To ensure ease of use for first-time visitors, CitGVD provides a “HELP” tab in which users can access a FAQs subpage containing answers to a range of queries and broad information regarding citrus genomics. Detailed information, including that pertaining to software tools, parameters and data sources, is provided on the Data Pipeline page. A step-by-step user-guide tutorial for CitGVD users regarding variation searches, data downloads, phenotypic analysis, evolution, GWASs, chromosomal visualization and primer design are provided. Trait evaluation pages introduce standardized approaches for trait evaluation.

Discussion and future perspectives

Citrus evolution, traits and breeding are hot topics in biological studies. As the first database concentrating on citrus whole-genome variations (SNPs and INDELs), CitGVD stores a large volume of uniformly distributed high-quality NGS data, which compensates for the lack of citrus SNPs/INDELs provided by other researchers. With a high resequencing depth, sample coverage and accuracy from 346 individual samples, our nonredundant SNP/INDEL datasets can be used as a citrus SNP reference. Users can also perform in-depth analysis with variation and phenotypic data using built-in tools, such as CitTRAIT, CitEVOL, and CitGWAS, to assess evolutionary histories, trait-related markers and annotated genes.

CitGVD is the first genome-wide variation database for horticultural species. Compared to previous databases designed to centralize species genomic variations, such as DoGSD for dog/wolves16 and SorGSD for sorghum17, CitGVD is more powerful due to its combination of phenotypic data, genomic variations and in-depth analysis tools and pipelines which make evolutionary analysis and GWASs possible. Furthermore, CitGVD provides gene blast and annotation sections, which allow to annotate genes or gene families of Citrus species30,31,32. For rice, RiceVarMap18 includes phenotypic data and GWASs that are similar to those in CitGVD. However, the GWAS section in RiceVarMap is limited to visualizing studies performed in local computer clusters, while in CitGVD, the user can use intact GWAS pipelines with background computing resources and built-in data. The citrus genome database (CGD, https://www.citrusgenomedb.org) is a citrus-specific database housing genomics, genetics, and breeding data for citrus species and does not focus on genomic variations.
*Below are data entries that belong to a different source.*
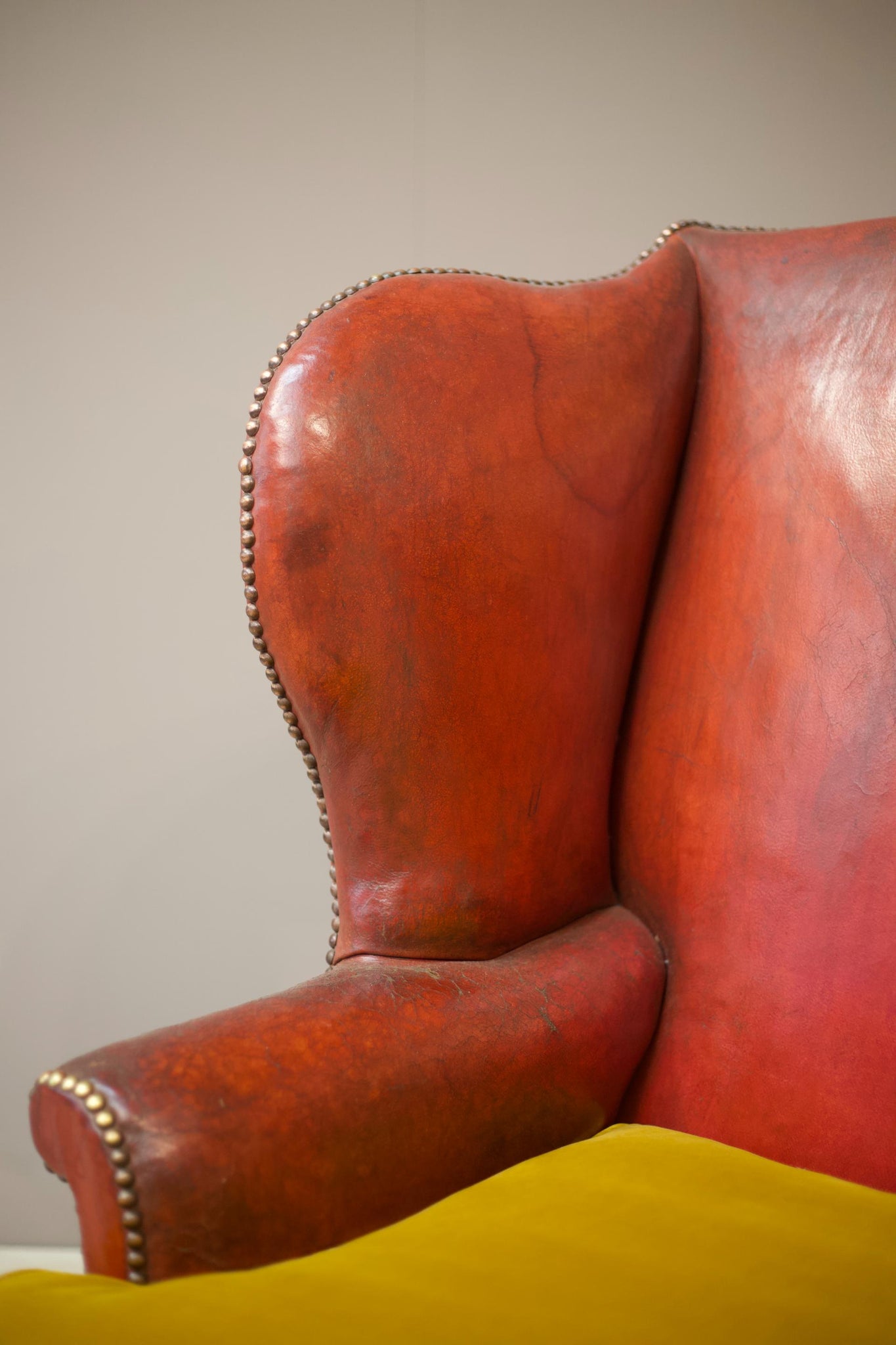 19th century red leather wingback armchair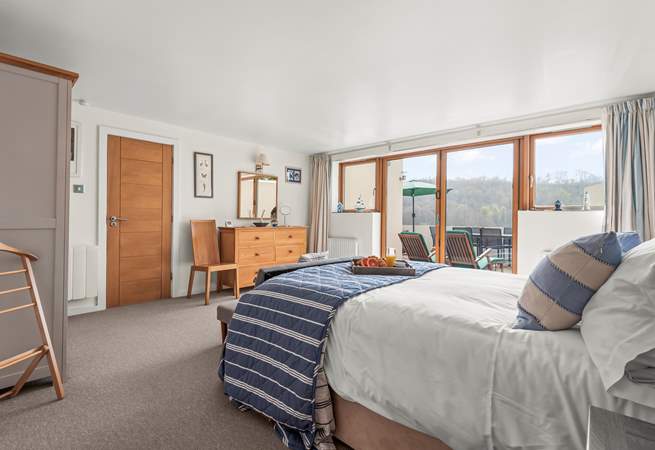 Bedroom 1 has doors out to the patio area and those wonderful views.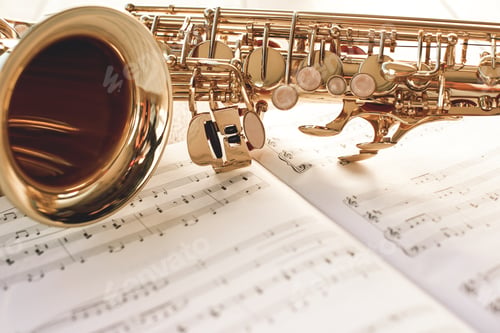 Preview: Closeup of a beautiful and shiny golden saxophone lying on music notes
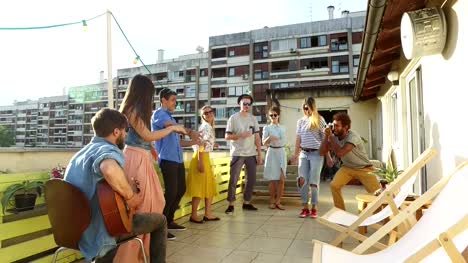 Happy-people-dancing-and-playing-guitar-at-the-rooftop-party-on-sunny-day
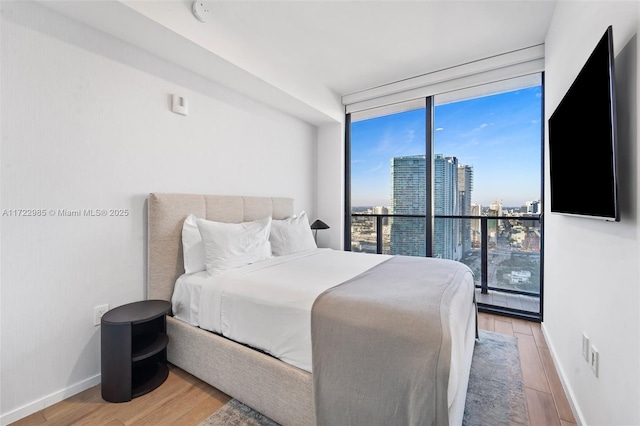 bedroom featuring floor to ceiling windows and hardwood / wood-style floors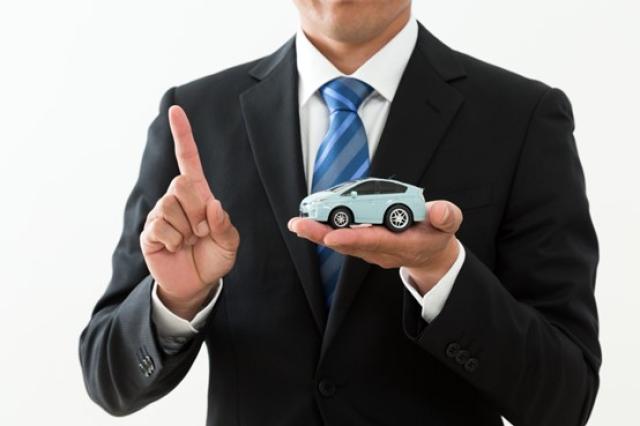 ミニカーを左手に載せ右手の人さし指を立てるスーツ姿の男性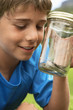 Boy Looking at Snake in Jar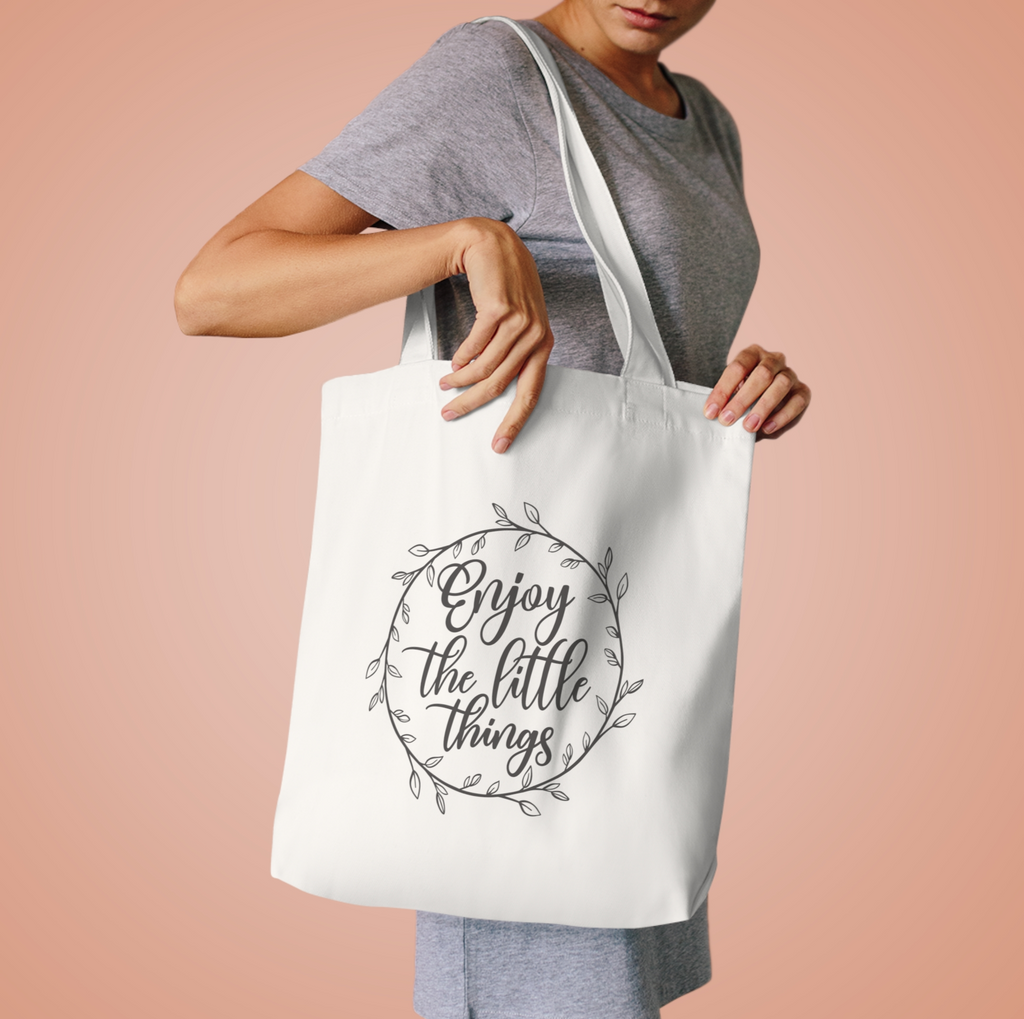 Woman in a grey tee lifting the Enjoy the Little Things tote by its handles against peach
To keep up to date with whole-genome SNP data and to update CitGVD in a timely manner with information from population studies and closely related species, an uploading function can be added that allows users to directly submit WGS data or SNP lists. Once WGSs are obtained, we can identify variations through data processing pipelines and deploy CitGVD in a timely manner. In the present version, only SNPs and INDELs are included. In the updated version, we will process and integrate a greater number of genetic structural variations, including copy number variations (CNVs) and structure variations (SVs) from internal and external sources. In addition, a greater number of citrus individuals, reference genomes (e.g., Citrus sinensis) and phenotypes will be included. The current version of CitGVD contains genotypes (SNPs/INDELs) and phenotypes. We will further include metabolomics data and develop a new pipeline, metabolome genome-wide association studies (MGWASs), to enrich the metabolic pathways. As a long-term research project, a new tool, CitMMAS, used for citrus molecular marker assistant selection (MMAS) will be developed. With WGS and variation data for new varieties, key molecular markers and trait characteristics will be automatically predicted. A new interface for additional content, features and functions will be designed.

In summary, CitGVD serves as a bioinformatics platform to inform wet-lab experiments, including those involving biomarker development, genetic analysis and molecular breeding strategies. In addition to collaborations among the broader research community, we will collaborate with domestic and international laboratories to sequence and annotate a larger number of citrus accessions in future studies.